Problem to work on - Retype each record below word for word, pictures excluded.

Listed entries -

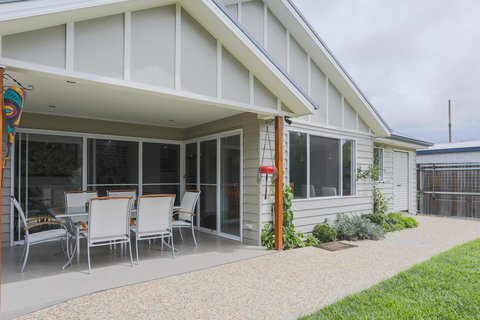 Armidale Cottage - House 2 - Nelsons Bay Accommodation 0
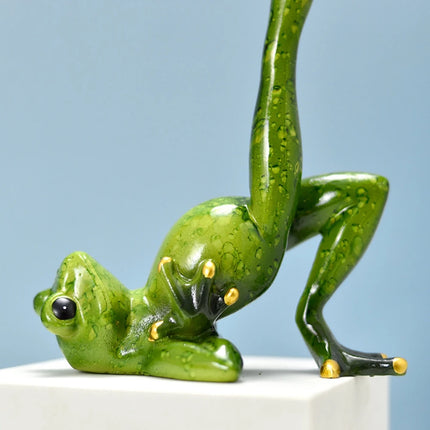 Yoga Frog Statue Resin Figurine Office Home Decoration Handmade Crafts Sculpture Entrance Wine Cabinet Ornaments Desktop Decor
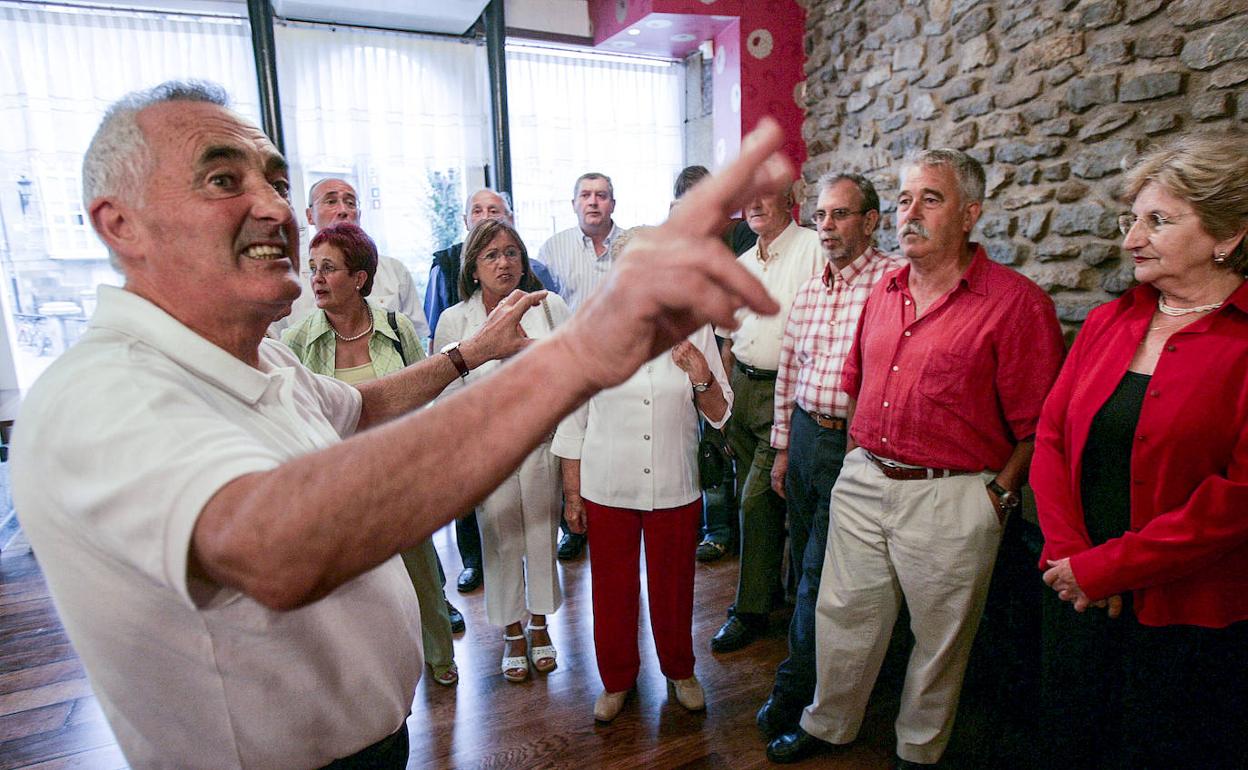 Emilio Ipinza dirigiendo a la Coral Manuel Iradier.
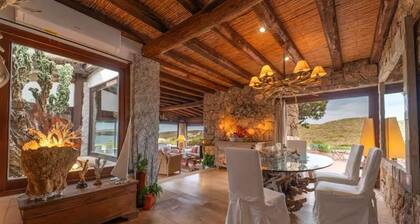 ELITE COLLECTION- VILLA FLOWERS WITH ACCESS TO THE SEA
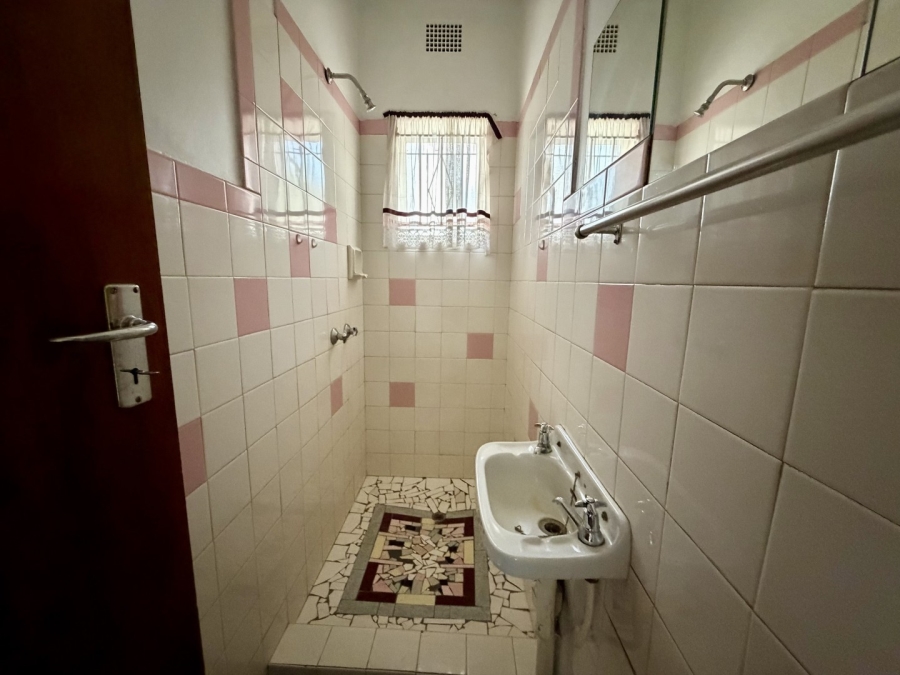 3 Bedroom Property for Sale in Queenswood Gauteng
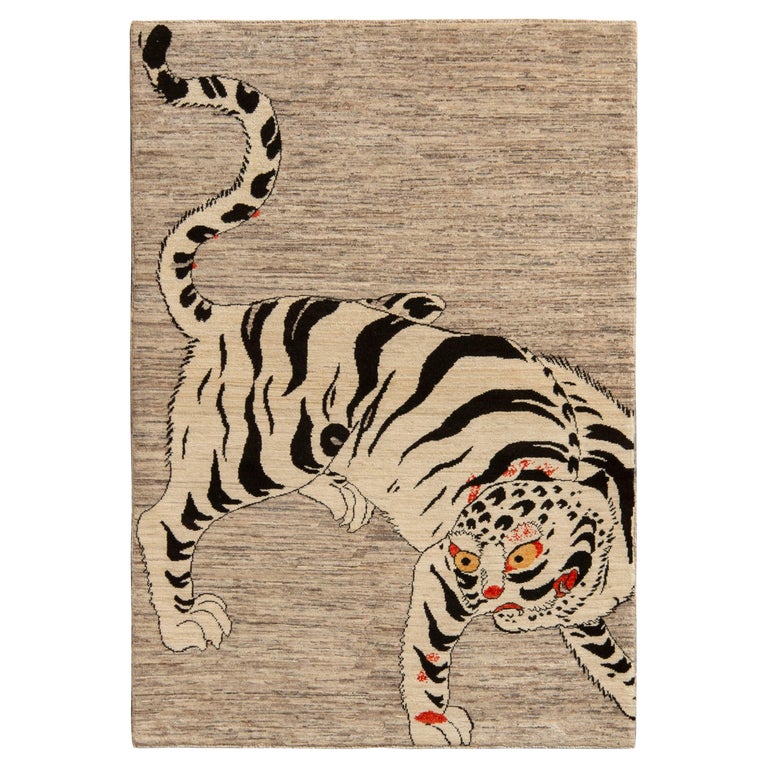 Tapis and Kilims - Tapis tigre de style classique en blanc et gris à motif  pictural En vente sur 1stDibs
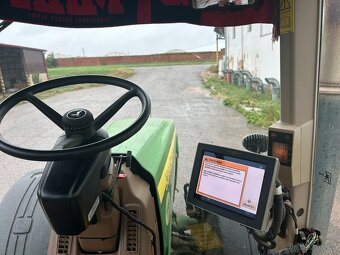 Prodej traktoru John Deere 8320 - 3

Response area -
 Armidale Cottage - House 2 - Nelsons Bay Accommodation 0
 Yoga Frog Statue Resin Figurine Office Home Decoration Handmade Crafts Sculpture Entrance Wine Cabinet Ornaments Desktop Decor
 Emilio Ipinza dirigiendo a la Coral Manuel Iradier.
 ELITE COLLECTION- VILLA FLOWERS WITH ACCESS TO THE SEA
 3 Bedroom Property for Sale in Queenswood Gauteng
 Tapis and Kilims - Tapis tigre de style classique en blanc et gris à motif  pictural En vente sur 1stDibs
 Prodej traktoru John Deere 8320 - 3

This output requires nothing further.